This is sooo not about "Two religions hating each other", it is about RESPECT.


----------



## Sonya (Jul 20, 2010)

> This is sooo not about "Two religions hating each other", it is about RESPECT


----------



## miniwhinny (Jul 20, 2010)

The mosque isn't part of the monument.

Seriously stop and think about it for a moment...."There are Muslems protesting this as well as Christians, Jews and pepole of many religions". It's always religions vs. religions. There is very little tolerance. Lets be real here - if they were building a christian church there wouldn't be an uproar. There was no uproar when someone stuck a cross at ground zero ! For hundreds and hundreds of years there has been violence and death between the "christian" west and the "Muslim" east. American men and women are dying in their thousands right now because of a religious war. I think the fact that people don't want a mosque near ground zero is just a continuance. They can't separate peaceful, kind loving people wanting to worship from the deep underlying hatred and suspicion that constantly pits one side against the other.

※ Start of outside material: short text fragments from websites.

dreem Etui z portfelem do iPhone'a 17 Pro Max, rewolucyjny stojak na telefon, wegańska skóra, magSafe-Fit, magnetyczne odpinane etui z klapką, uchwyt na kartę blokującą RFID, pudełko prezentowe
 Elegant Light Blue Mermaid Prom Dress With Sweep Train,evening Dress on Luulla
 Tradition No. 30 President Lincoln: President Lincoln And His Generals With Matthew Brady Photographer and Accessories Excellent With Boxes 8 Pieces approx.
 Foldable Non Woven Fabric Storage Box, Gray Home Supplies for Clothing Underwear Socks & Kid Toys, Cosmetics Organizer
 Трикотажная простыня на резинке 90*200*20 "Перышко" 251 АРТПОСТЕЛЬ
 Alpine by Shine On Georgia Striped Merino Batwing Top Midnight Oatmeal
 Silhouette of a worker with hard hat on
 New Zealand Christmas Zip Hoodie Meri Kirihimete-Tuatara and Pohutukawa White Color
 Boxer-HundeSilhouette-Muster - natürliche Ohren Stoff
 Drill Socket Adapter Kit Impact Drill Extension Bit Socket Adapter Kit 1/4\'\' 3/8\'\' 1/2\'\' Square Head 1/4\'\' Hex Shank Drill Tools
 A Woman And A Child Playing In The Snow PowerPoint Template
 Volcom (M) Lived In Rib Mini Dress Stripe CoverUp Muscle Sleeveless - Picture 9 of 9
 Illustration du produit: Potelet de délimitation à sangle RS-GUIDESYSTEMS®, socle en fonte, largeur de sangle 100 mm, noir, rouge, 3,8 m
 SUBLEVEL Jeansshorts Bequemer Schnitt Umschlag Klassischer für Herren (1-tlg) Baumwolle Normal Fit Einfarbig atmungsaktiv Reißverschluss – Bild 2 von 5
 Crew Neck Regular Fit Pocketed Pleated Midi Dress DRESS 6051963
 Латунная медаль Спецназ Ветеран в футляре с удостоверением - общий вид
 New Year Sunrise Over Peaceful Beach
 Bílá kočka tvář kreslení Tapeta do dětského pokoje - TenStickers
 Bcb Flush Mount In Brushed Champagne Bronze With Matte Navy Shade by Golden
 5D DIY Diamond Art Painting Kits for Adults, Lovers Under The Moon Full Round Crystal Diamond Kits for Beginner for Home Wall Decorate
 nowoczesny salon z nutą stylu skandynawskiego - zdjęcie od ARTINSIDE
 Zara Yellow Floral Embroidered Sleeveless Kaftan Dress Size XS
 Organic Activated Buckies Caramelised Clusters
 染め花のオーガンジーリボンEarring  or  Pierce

In reality there should be no offense in any group wanting to worship - I mean what could be more (and I say this tongue in cheek) peaceful and loving...but there IS - these posts prove that.


----------



## ~Lisa~ (Jul 20, 2010)

miniwhinny said:


> TWO RELIGIONS HATING EACH OTHER simply based on the others RELIGION.


Not sure how I feel about any religious building being put there but the above quote..

well Welcome to America..* where we have many wonderful things worth fighting for and many brave men and women who fight for it every day *and yet we also have people hated and killed on a daily basis due to regligion- color of skin - sexual orientation

It has always sort of confused me how such a wonderful country who has done so much to fight for and made ultimate sacrafices for freedom can be so complacent to what is going on in our own backyard


----------



## miniwhinny (Jul 20, 2010)

Sue_C. said:


> Why on earth should any religious building put there at all??
> 
> This is sooo not about "Two religions hating each other", it is about RESPECT.


This says it all...it is not about respect. Just stop and think about what you're saying..."Why on earth should any religious building put there at all". I think you covered EXACTLY what I was saying. If the Bank of America was putting up a branch office ? If Starbucks were opening a coffee shop? If Hallmark were opening a card shop ? BUT it's a "religious" building OH!! A religious building. Case close


----------



## Pepipony (Jul 20, 2010)

The new mosque isnt at ground zero, it is in the neighborhood, but not at. Might help to get the facts correct before forming an opinion as the opinion may be different.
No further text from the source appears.